Racismo sem Fronteiras

por Marcia Noczynski e Cristiane Alves

Os estereótipos racistas aprisionam e impedem que negros se comportem com espontaneidade em qualquer lugar. Temos observado como estereótipos edificam as vias que levam a assassinatos, imobilidade social, violência de Estado e perda da liberdade.

Estruturalmente a sociedade produz à ideia condições antagônicas onde ser um branco é ser indivíduo e ser negro é ser um grupo.

Um pensamento conveniente uma vez que se um branco comete um delito constitui campo pessoal. Quando um negro falha confirma a regra.

Como consequência temos os olhares que nos condenam previamente, um consciente coletivo garantido, inclusive, pelas mídias e produções culturais onde o negro é sempre o menos importante e por que não, descartável.

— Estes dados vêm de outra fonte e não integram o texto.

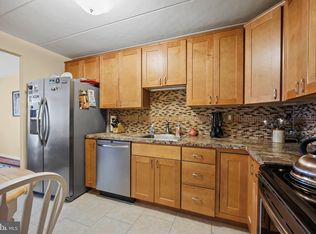801 S Chester Rd APT 408, Swarthmore, PA 19081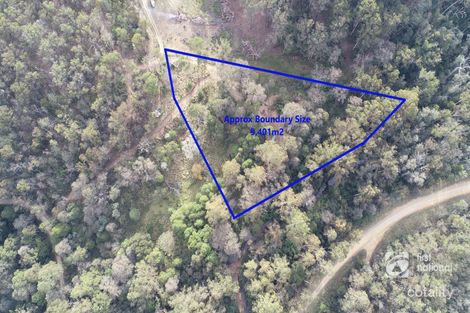 2785 Bullumwaal Rd, Bullumwaal, VIC 3875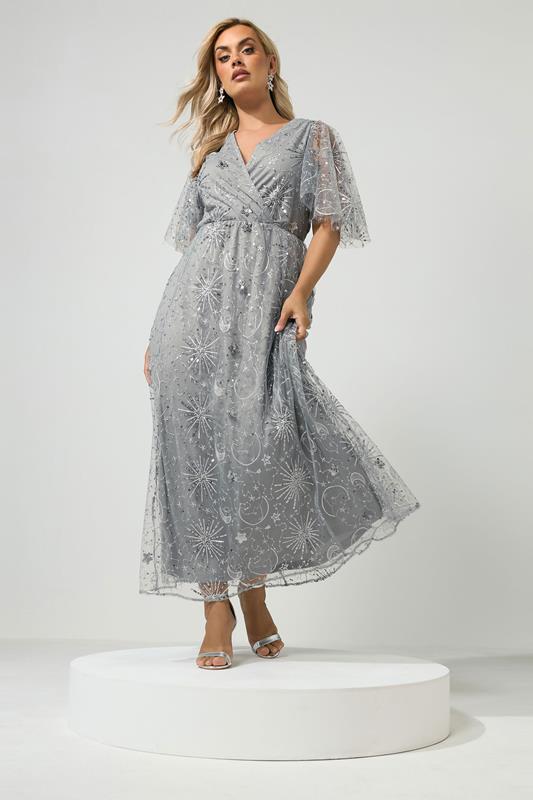 party dress plus size women KIMCURVY Satin Ruched Cowl Neck Sexy Wedding Guest Dress Cocktail Dresses Cami Black 12W : Clothing, Shoes & Jewelry Clothing Has Soul Plus Size Women Bodycon Long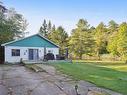 Frontage - 6965 Rg Ste-Rose, Notre-Dame-De-Lourdes, QC  - Outdoor 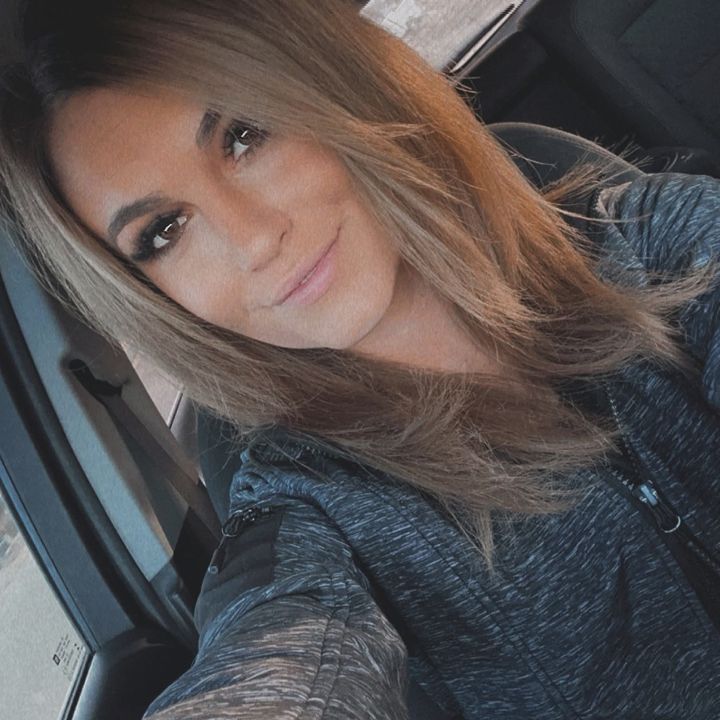 Amandaaa
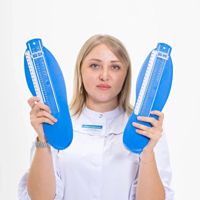 Меньщикова Евгения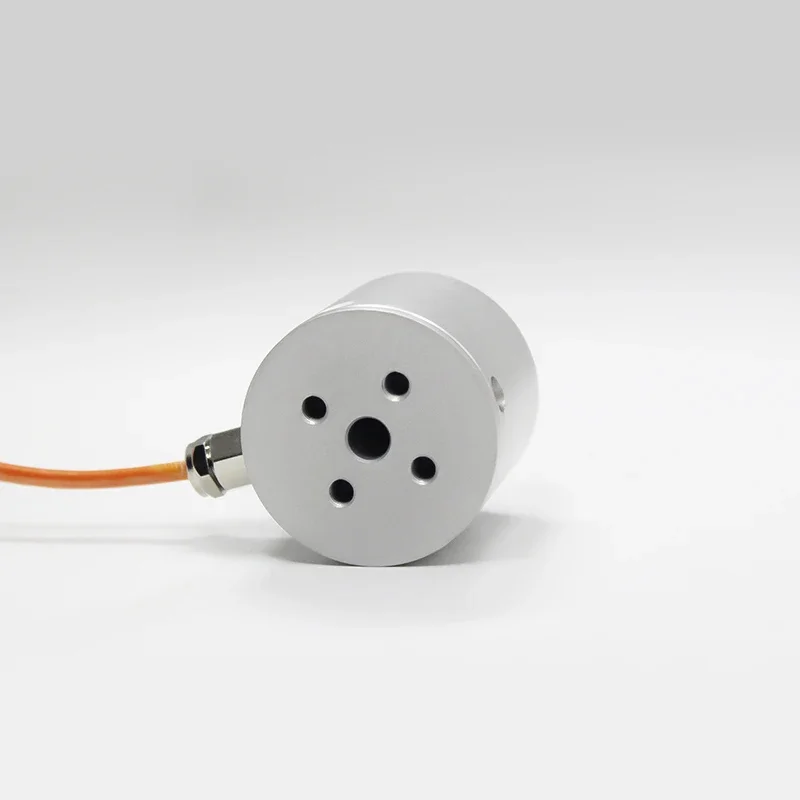 Miniature Column Type Tension Pressure Sensor Weighing Force Measuring Weight High Precision Digital Display Sensor
Miniature Column Type Tension Pressure Sensor Weighing Force Measuring Weight High Precision Digital Display Sensor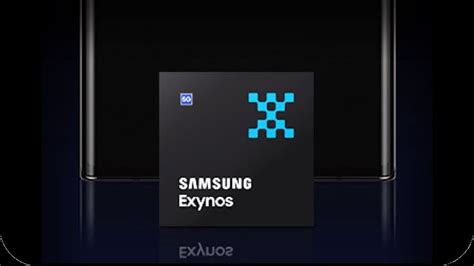 Leaked Exynos 2400 benchmarks tease strong Samsung Galaxy S24 ...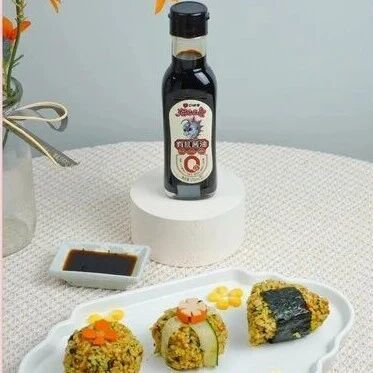 儿童酱油，是不是智商税？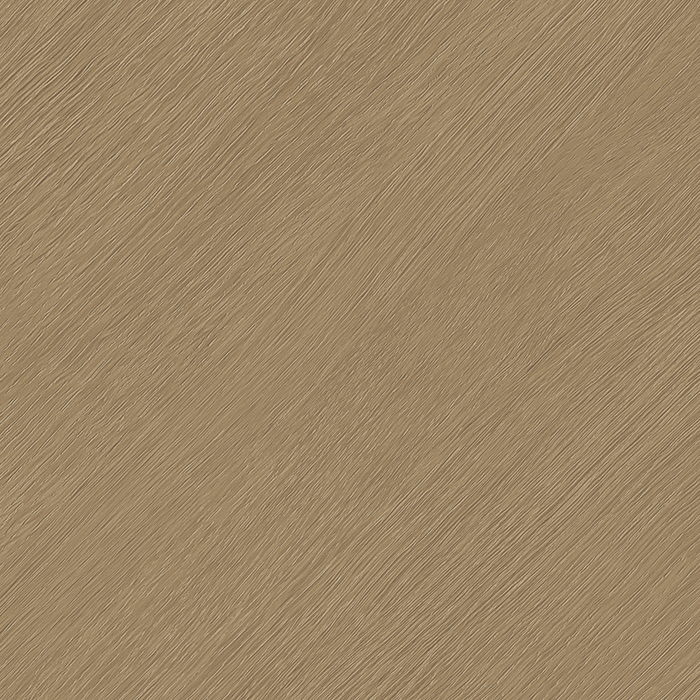 ZG ZF 5045 Washed Ash Fawn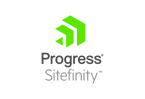 sitefinity
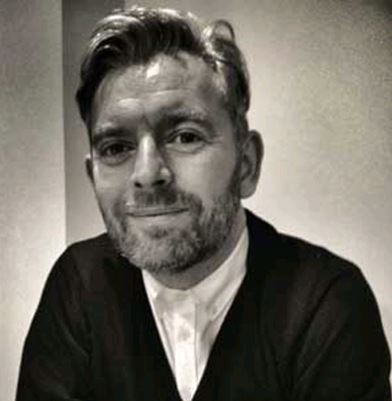 david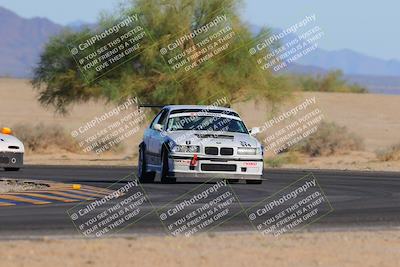 media/Oct-15-2023-Lucky Dog Racing Chuckwalla (Sun) [[f659570f60]]/4th Stint Turn 4 Tree of Life/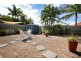 22 St Davids Close, Kirwan QLD 4817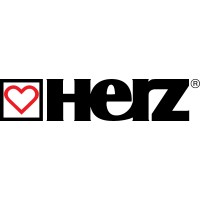 HERZ Armaturen TÜRKİYE Logo
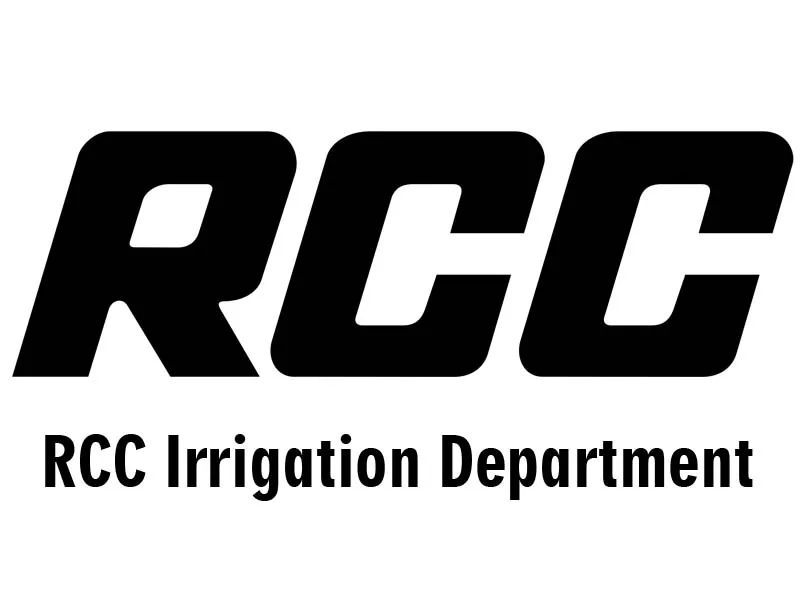 RCC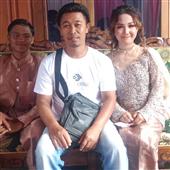 Rồn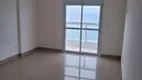 Foto 6 de Cobertura com 4 Quartos à venda, 254m² em Canto do Forte, Praia Grande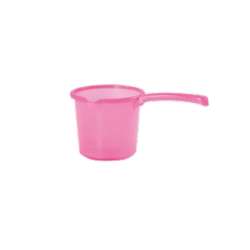 Violet House - Baby Mug With Handle Violet House - Baby Mug With Handle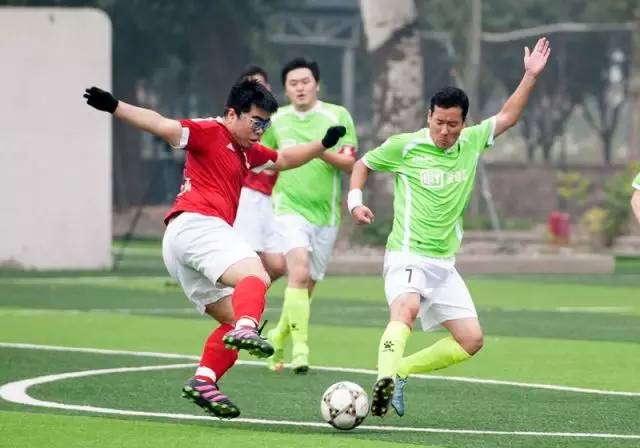 我眼中的足球世界,我眼中的足球世界杯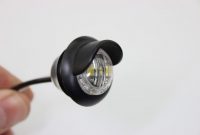 Led Pilot Lights Panel Lights Pilotlights inside sizing 1152 X 768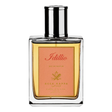 Acca Kappa Idillio Eau de Parfum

Como humanos nos aferimos pelo olhar dos outros todo tempo. Essa necessidade se torna adoecedora para aqueles que no crivo social são vistos sempre como o contra senso.

Surge a necessidade da adequação, de se aproximar do senso, do que é aceitável e, muitas vezes um negro busca se afastar do que lhe impingem. Uma tentativa de ser “um negro diferente” ou “melhor”. O que se convencionou chamar “alma branca”.

Muitos se recusam a verem-se como negros, pois que se não são ruins, piores, ou delituosos, não o são.

Nesse contexto, crianças e adolescentes em formação de caráter e personalidade, se confrontam com essa estrutura opressora, onde a pele que habitam se torna um lócus de tortura.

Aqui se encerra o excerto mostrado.